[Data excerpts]
┌────────

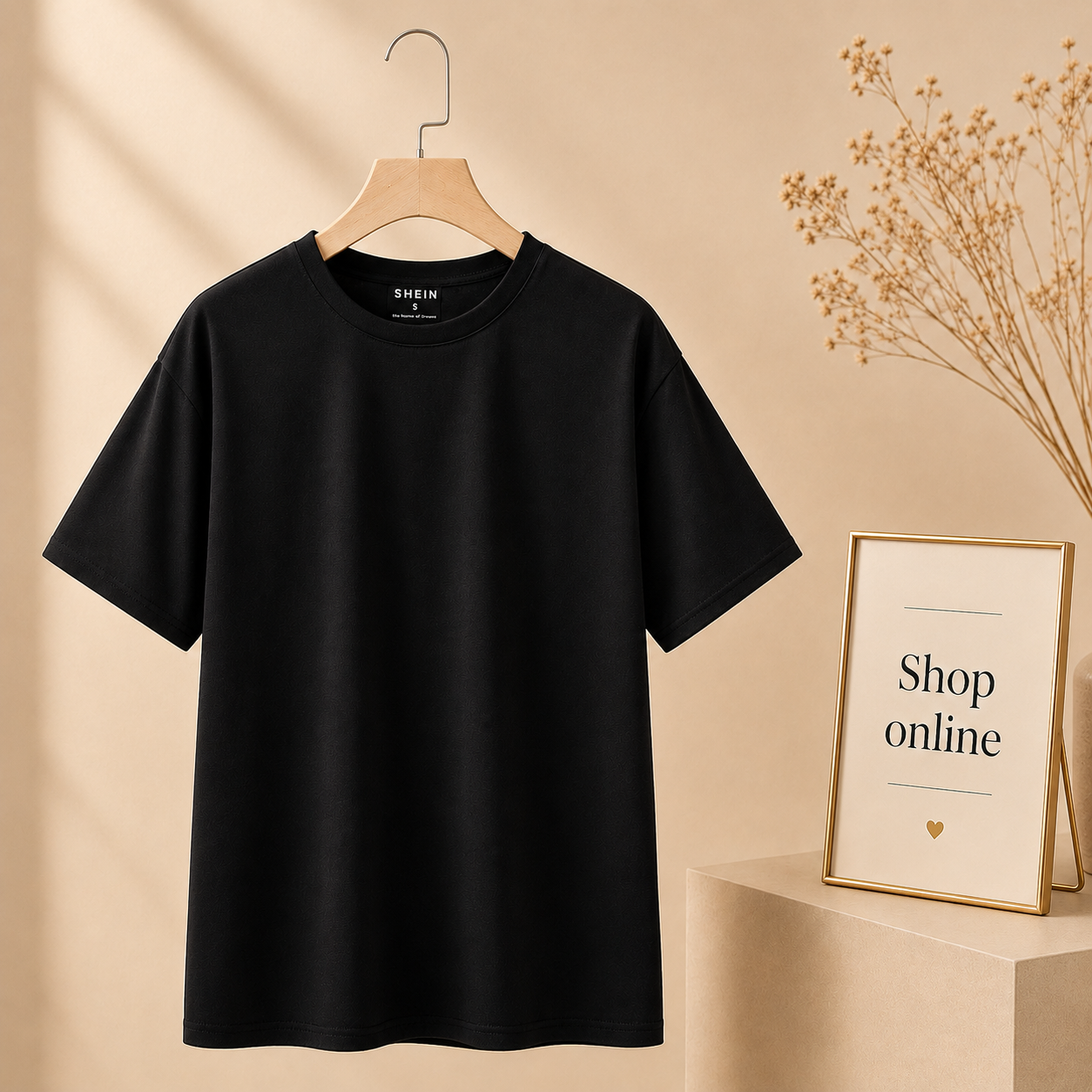 PLAIN BLACK TSHIRT
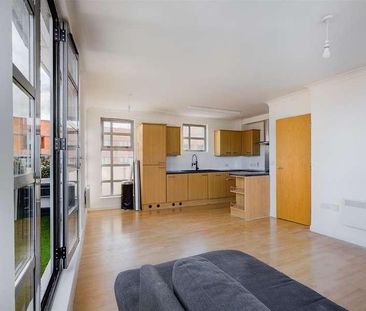 Charlesmere Gardens, Thames Reach, London, SE28 - Photo 3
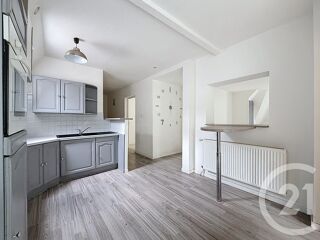  Appartement à louer 3 pièces 80 m²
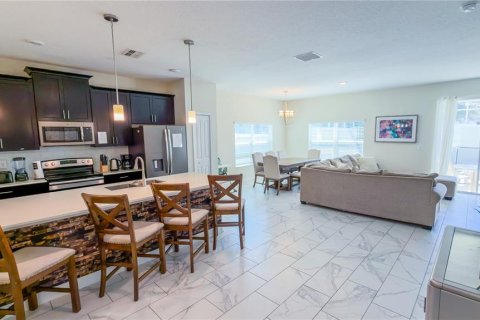 Touwnhouse à vendre à Davenport, Floride: 5 chambres, 201.32 m2 № 2130859 - photo 2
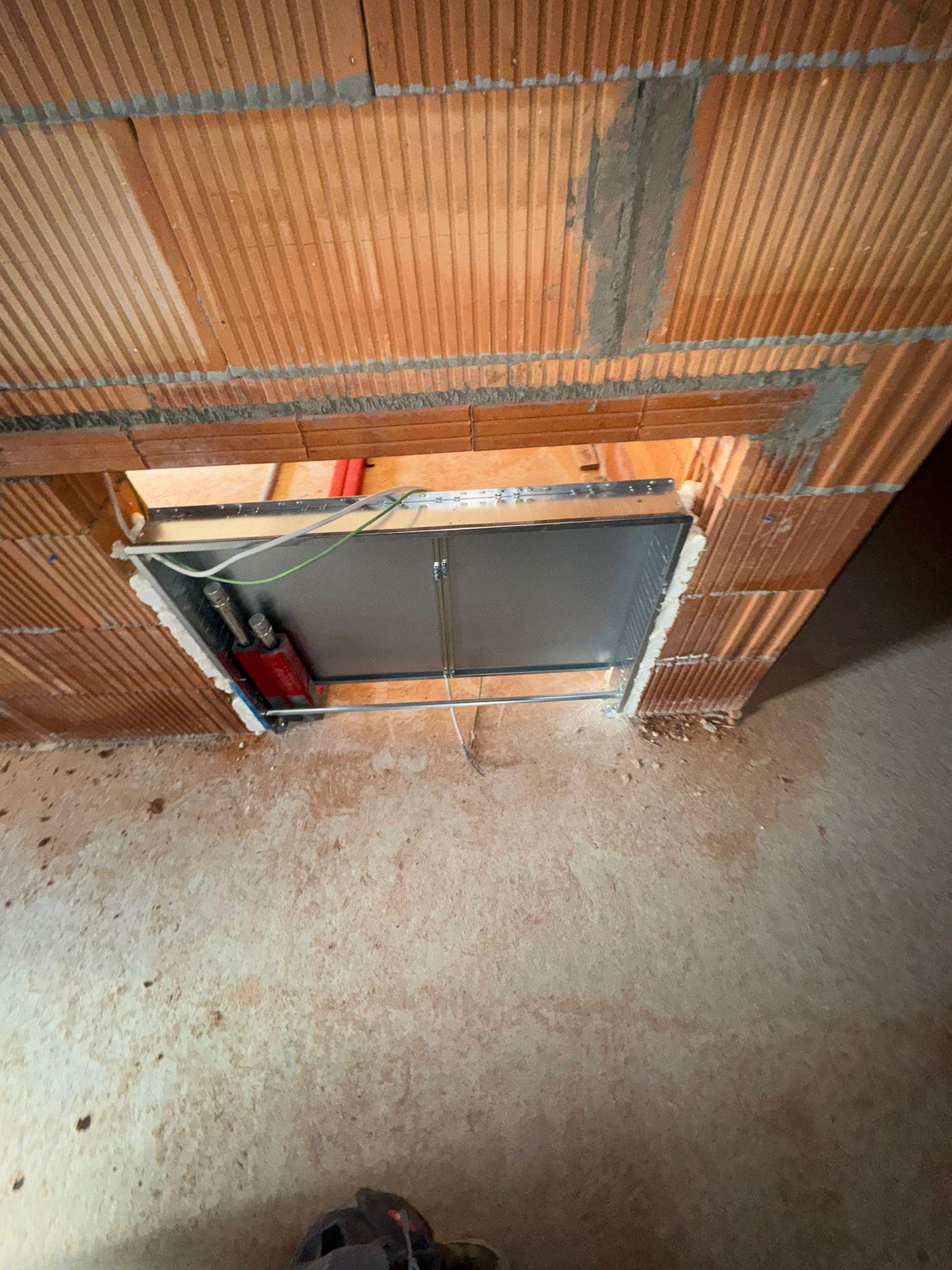 Installationsöffnung im Boden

└────────

Repeat the data in full, exactly as it stands, but drop every picture.

Solved exercise:
 PLAIN BLACK TSHIRT
 Charlesmere Gardens, Thames Reach, London, SE28 - Photo 3
  Appartement à louer 3 pièces 80 m²
 Touwnhouse à vendre à Davenport, Floride: 5 chambres, 201.32 m2 № 2130859 - photo 2
 Installationsöffnung im Boden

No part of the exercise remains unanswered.